Children’s Book Author Returns To Baxter Elementary To Talk About The Environment
A former student of Baxter Elementary returned to her old stomping grounds while visiting from Germany, where she now lives. Erin Twamley talked with students about her career as an author and her children’s books on renewable energy and climate change.
Twamley attended Baxter Elementary, graduated from Brainerd High School, and has since lived on three continents and written two books.
“I was working mainly with teachers and teaching them on energy literacy and how to teach kids about energy and was approached with an opportunity with my co-author, a middle school science teacher, to collaborate on a book,” said Twamley.
Her books are geared toward middle-school aged students and put a fun spin on climate change and renewable energy.
“Those are really two important topics for our future. It’s really about creating the next generation, not only of learners but of leaders who can make sure that our planet is green and healthy,” explained Twamley.
“Her books are funny. They take on topics of burps, farts, and greenhouse gasses, so what kid doesn’t love that and love learning about that and talking about that and being allowed to laugh about that,” said Travis Raske, Baxter Elementary Technology Integrationist and Media Specialist.
Every year, the Parent Teacher Organization at Baxter Elementary sponsors an author to come in and speak to the students.
“To see someone who has gone through school, have a career and a job in life that they love and enjoy and that relates to some of the very things that they are doing here everyday,” said Baxter Elementary School Principal Tammy Stellmach.
Twamley talked with the students about renewable energy and also the steps that go into writing a book.
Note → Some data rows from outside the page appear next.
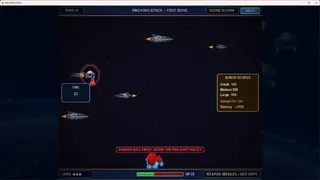 Скриншот 5 к игре Ping Pong Attack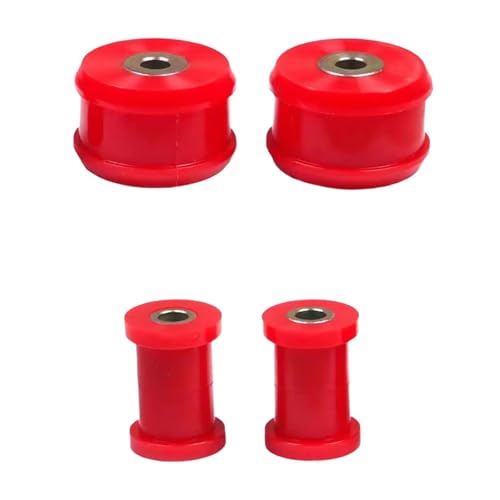 Bujes de brazo control delantero para eliminar ruidos de suspension y vibraciones en automovil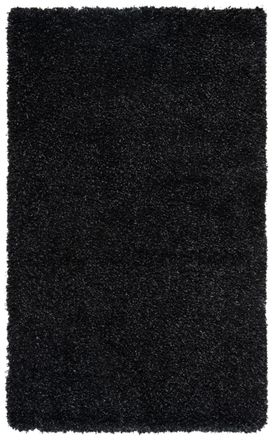 Safavieh Alfombra negro 61 x 91 cm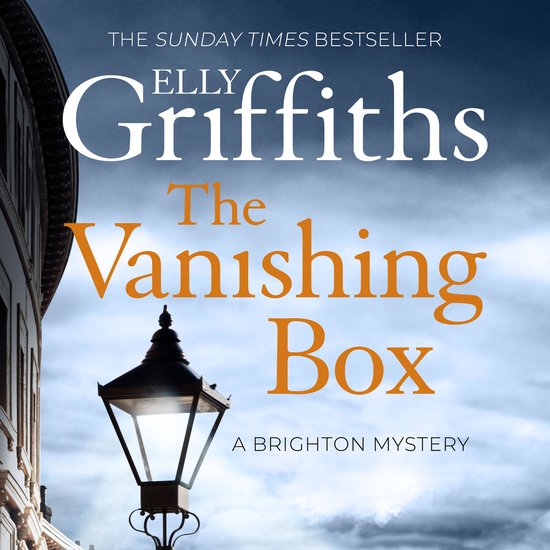 The Brighton Mysteries4-The Vanishing Box - cover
After the presentation, the students did an activity where they created their own energy-saving superhero.
“They were thinking about how somebody could save energy, what energy is worth saving, and how a superhero could help do that,” explained Twamley.
For the staff at Baxter Elementary, in addition to learning to take care of the environment, it is important to show the students where their future careers could take them.
“We read books and we see pictures and we don’t realize that there’s actually a person that’s writing those words. That’s their ideas. We’re now reading somebody else’s ideas and those people could be in our community. We don’t have to be from a far away place or a big city,” said Raske. “They can come right from our little Baxter Elementary School.”
Twamley also visited Lowell Elementary, and by the end of her stay will have spoken with around a thousand students in the Brainerd School District.